Data for the task Start Marker

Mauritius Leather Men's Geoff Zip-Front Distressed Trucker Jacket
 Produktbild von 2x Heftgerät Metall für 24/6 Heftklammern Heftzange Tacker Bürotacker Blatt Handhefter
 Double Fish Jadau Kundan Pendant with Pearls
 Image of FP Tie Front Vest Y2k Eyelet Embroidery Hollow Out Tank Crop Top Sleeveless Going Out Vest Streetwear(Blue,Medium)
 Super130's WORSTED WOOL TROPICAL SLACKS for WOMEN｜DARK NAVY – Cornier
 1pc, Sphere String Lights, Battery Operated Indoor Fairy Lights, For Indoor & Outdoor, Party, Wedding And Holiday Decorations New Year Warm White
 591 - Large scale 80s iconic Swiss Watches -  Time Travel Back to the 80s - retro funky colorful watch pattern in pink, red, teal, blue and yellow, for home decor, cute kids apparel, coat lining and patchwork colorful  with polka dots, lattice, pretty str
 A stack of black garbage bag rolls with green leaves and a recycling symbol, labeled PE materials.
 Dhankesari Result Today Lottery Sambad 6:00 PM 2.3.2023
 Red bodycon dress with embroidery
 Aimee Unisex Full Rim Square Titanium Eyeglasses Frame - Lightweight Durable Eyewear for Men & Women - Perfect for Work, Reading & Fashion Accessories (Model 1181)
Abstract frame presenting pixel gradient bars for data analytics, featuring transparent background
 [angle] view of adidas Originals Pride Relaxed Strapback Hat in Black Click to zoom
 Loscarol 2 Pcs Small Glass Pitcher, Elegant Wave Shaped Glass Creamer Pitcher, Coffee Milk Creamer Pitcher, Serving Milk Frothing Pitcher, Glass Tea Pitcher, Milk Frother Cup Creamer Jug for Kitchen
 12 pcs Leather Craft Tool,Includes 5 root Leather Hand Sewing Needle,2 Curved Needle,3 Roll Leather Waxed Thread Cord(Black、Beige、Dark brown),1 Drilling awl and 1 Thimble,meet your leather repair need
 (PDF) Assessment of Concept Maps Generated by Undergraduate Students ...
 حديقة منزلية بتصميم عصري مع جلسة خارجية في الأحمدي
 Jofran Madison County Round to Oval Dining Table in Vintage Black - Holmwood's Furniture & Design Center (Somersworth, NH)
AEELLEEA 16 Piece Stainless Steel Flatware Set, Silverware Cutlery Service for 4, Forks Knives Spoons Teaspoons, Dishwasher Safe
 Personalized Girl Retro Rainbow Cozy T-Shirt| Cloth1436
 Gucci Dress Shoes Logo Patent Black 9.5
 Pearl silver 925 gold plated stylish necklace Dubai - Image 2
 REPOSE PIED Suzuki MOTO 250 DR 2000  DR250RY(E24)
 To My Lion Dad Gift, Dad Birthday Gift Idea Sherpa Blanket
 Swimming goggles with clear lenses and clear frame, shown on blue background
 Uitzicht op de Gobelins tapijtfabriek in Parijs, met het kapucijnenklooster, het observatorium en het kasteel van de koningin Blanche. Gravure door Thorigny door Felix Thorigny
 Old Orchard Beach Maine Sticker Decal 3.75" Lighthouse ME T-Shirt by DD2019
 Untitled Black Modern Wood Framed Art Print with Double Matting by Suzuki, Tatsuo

Data for the task End Marker

> **About this task**
Could you set down, exactly as written, the lines above between the one holding "Abstract frame presenting" and the one holding "[angle] view of", inclusive, and nothing more?

> **Problem solution**
Abstract frame presenting pixel gradient bars for data analytics, featuring transparent background
 [angle] view of adidas Originals Pride Relaxed Strapback Hat in Black Click to zoom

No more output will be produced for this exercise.